Jagan Subramanian, JFrog and Viraj Purang/ Oracle, May 2016: At Oracle, numerous product teams utilize docker as part of their cloud continuous development. Each product team is able to use their own internal docker registry based on Artifactory’s docker support, enabling teams to manage their projects in a distinct registry, exercise better access control to their docker images, and share images across the organization.
[Jagan] Okay Viraj, so why don’t we start by telling us a little bit more about your team.
[Viraj] Okay. Well, I have to start with that.
[Jagan] Oh I forgot that.
[Viraj] This is what our lawyers require us to, you know, put up there.
[Viraj] So that’s a little bit about my team. So, we do a bunch of stuff pretty much like any one of you out here. If you’re working in the DevOps space, you know, we do CI/CD, we write pipelines, we have a DSL through which we are able to, you know, create a bunch of CI/CD pipelines that do, you know, a bunch of stuff. Of, you know, running tests on the farm, doing builds, doing unit tests, you know, creating Docker instances, deploying them in production, all of that is kind of driven through those pipelines. And our team is responsible for that kind of stuff.
[Viraj] We do a bunch of tool development in around Docker, around Artifactory, around internal tools like Carson, which is something, you know, that one of my friends is going to talk about in one of the later presentations during the day. And we do analysis, we do POCs. So whenever we have a new product coming in or whenever we have a new version of Docker coming in or even when we started using Docker for the first time, we are the team who tries out things first. Writes up the specs about it, gives up — gives the recommendations around it and, you know, we come up with the documentation that drives the whole process.
[Viraj] In terms of, you know, doing pretty much anything in production, we interface with other teams who take some of our different services in production.
[Viraj] We are very strongly focused on testing so all our deployments into production, all our deployments into the Artifactory data centers, anything pretty much happens on the basis of automated testing we do. We try not to manually deploy anything. That’s how we can separate ourselves from a bunch of other teams within Oracle or outside of Oracle which do the same thing.
[Viraj] We also do a lot of graphing and, you know, we look at numbers. We instrument our code a lot and we look at, you know, pretty much all HTTP requests. What times we are doing. We try to bring them down. It’s just, you know, that’s how we function.
[Viraj] You don’t have to renovate this fast.
[Jagan] They’re getting directions to get out earlier, huh. Okay.
[Viraj] I’m not that bad.
[Jagan] So, so last year Viraj, you know, there was a huge increase in terms of the Maven builds and very rapid adaptation within Oracle, right. So how has this changed since last year?

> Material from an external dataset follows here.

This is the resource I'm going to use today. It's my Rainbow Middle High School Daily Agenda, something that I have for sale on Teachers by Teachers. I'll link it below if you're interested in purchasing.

[Viraj] So, last year he was the one who was giving out these numbers so he should be probably the last person to ask me these questions. But, yeah, we have pretty large repository last year. I’m not sure what the exact numbers but we were doing somewhere around 40 terabytes in terms of just general storage. Right now we are at 80 terabytes and this is after deleting about a million artifacts a day. And that’s just general Artifactory usage. Includes like a bunch of different types of packaging systems. But —
[Jagan] I think the slide did not change, actually.
[Viraj] But there’s a lot of changes that are happening around us. There’s internal changes, there’s external changes, and then there’s changes that are happening on the Artifactory side itself. And I’ll go through all of them in order.
[Viraj] So the first one, like right here, you know, last year I guess this was pretty much the same thing but we weren’t as cognizant about that. But approximately 90 percent of the people, here or outside, they already know about Docker. Out of that, 70 percent have tried something on Docker. And most of them are running something at the very least in development if not in production.
[Viraj] StackEngine is one of the companies Oracle bought sometime last year. These are the numbers that they provided but the core reasons, core drivers why they’re doing it is because of the, you know, the hybrid cloud, the VM ware cost, et cetera.
[Viraj] Apart from that, we had some internal drivers. And if you look at Oracle’s footprint over the last year, this is a little bit of a dated slide, but we have about 800 petabytes of storage. That’s our cloud footprint as of now. And all of that, at least, like I’d say, a bunch of that is driven through Docker related or Docker deployed applications. So we’re really drinking from the firehose at this point of time.
[Viraj] And then, you know, there’s artifact diversity. So, in 2015 we were just using Maven. There were, you know, maybe a couple of repositories here and there for different types of packaging systems. Our database, obviously, is on Oracle. We use, you know, Oracle Linux on which Artifactory is deployed.
[Viraj] But if you look at 2016 numbers, we have a lot of them. Like, you know, Python. We have RubyGems. We have Yum repository. And obviously, Docker is one of them. And this is just within one year of the explosion that has happened. So, you know, things are really changing around us.
[Jagan] Wow. That is — that’s a lot set of technologies there. So, how — how does the JFrog — JFrog platform help you, you know, move from — from this to adapt to this diverse, you know, packaging types and endeavors sort of build and all those things that you have.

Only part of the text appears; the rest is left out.